Aber: viele Verfahren sind nicht gleich viele Verfahren
Luzern, ein Musterschüler? «Das wäre zu hoch gegriffen», sagt Sibel Konyo von der Stiftung für das Tier im Recht und Mitautorin der erwähnten Analyse. Die Zahlen dürfe man nicht nur mit den anderen Kantonen vergleichen, man müsse sie auch mit Blick auf die Gesamtzahl Tiere in einem Kanton bewerten. Konyo: «Angesichts der knapp zwei Millionen Nutztiere, die im Kanton Luzern gehalten werden, fällt die Anzahl abgeschlossener Strafverfahren weiterhin sehr tief aus. Entsprechend ist von einer hohen Anzahl nicht verfolgter und geahndeter Tierschutzdelikte auszugehen.» Viele Verstösse, so Konyo, dürften sich hinter verschlossenen Haus- und Stalltüren ereignen – und daher unentdeckt bleiben.

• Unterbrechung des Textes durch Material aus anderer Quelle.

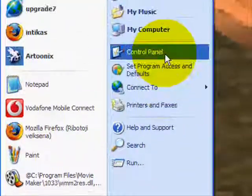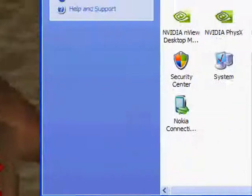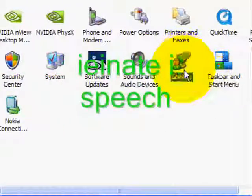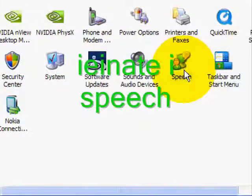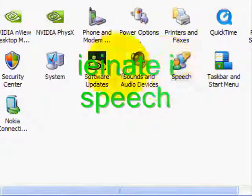Plug it, play it, burn it, rip it, drag it, drop it, zip, unzip it, lock it, fill it, call it, find it, view it.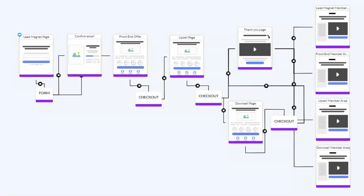Hey y'all, Bridget Bartlett here. I'm the Local Business Marketing Training and Support Specialist with Builderall. In the last video, I created the pages we're going to need in our upsell and downsell sales funnel. In this video, I'm going to walk you through the steps of creating an email list and connecting it to our funnel.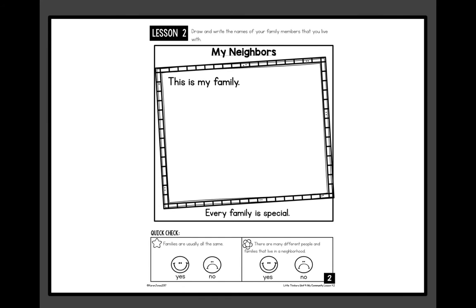The flower question says: 'There are many different people and families that live in a neighborhood.' If you think that's true, color the happy face for yes. If you think that's not true, color the sad face for no.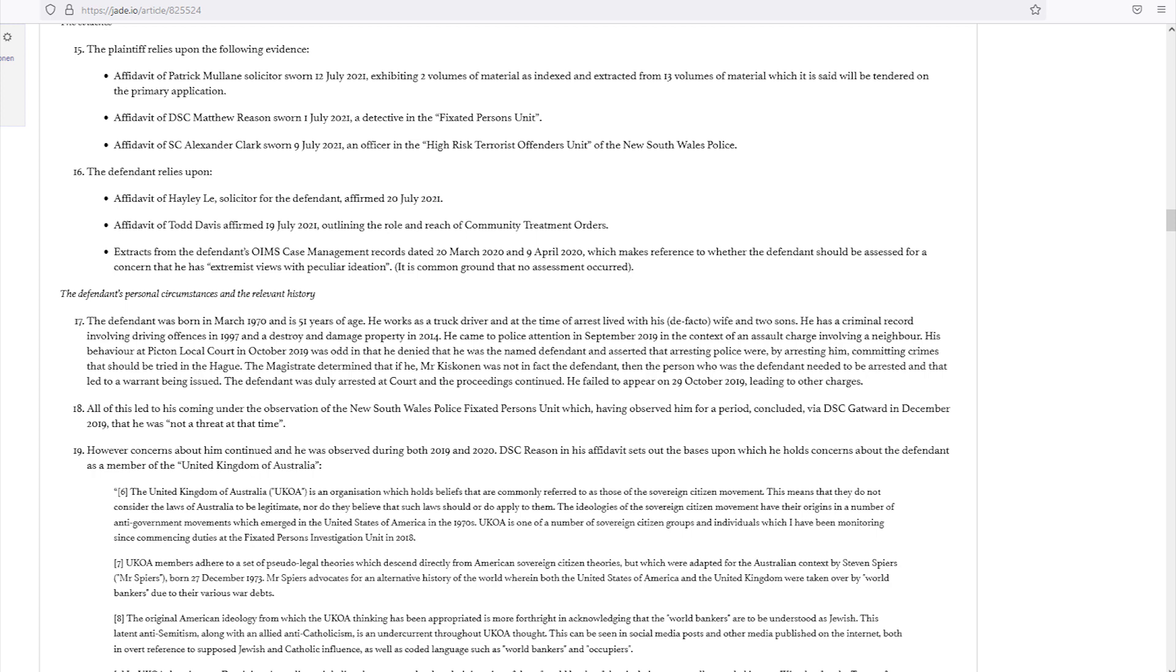This can be seen in social media posts and other media published on the internet, both in overt references to supposed Jewish and Catholic influence, as well as coded language, such as 'world bankers' and 'occupiers.'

«Die Nutztierhaltenden im Kanton Luzern halten sich grossmehrheitlich an die Vorgaben der Tierschutzgesetzgebung.»
Martin Brügger, Luzerner Kantonstierarzt
Zudem kritisiert die Stiftung für das Tier im Recht die vergleichsweise milden Strafen für Tierschutzdelikte. Obwohl das Gesetz für Übertretungen Bussen bis 20'000 Franken zulasse, hätten die Luzerner Behörden Konyo zufolge 2021 im Mittel Bussen von 300 Franken verhängt. Bei den Geldstrafen, die bis zu 180 Tagessätze reichen können, seien es 30 Tagessätze im Mittel gewesen. Deshalb wäre es laut Konyo «überaus positiv», wenn das Veterinäramt als zuständige Stelle für die Tierschutzkontrolle im Kanton Parteirechte im Strafverfahren hätte. «Dies würde es der Behörde ermöglichen, Beschwerde gegen unzureichende Tierschutzstrafentscheide zu führen. Leider verfügen bisher aber nur das Veterinäramt Zürich, St. Gallen sowie Bern über eine entsprechende Rechtsmittellegitimation», so Konyo.
Kantonstierarzt stellt Bauern gutes Zeugnis aus
Darauf angesprochen, sagt der Luzerner Kantonstierarzt Martin Brügger, es liege nicht in der Kompetenz des Veterinärdiensts, auf diese Forderung etwas zu entgegnen. Allerdings sagt er, es sei wichtig, dass der Veterinärdienst genügend Personal hat: «Gerade unangemeldete Kontrollen generieren einen grösseren Aufwand als angemeldete Kontrollen. Des Weiteren sind nicht alle kontrollierten Personen über diese Kontrollen erfreut, was für die Kontrollpersonen bei ihrer Arbeit sehr herausfordernd sein kann.»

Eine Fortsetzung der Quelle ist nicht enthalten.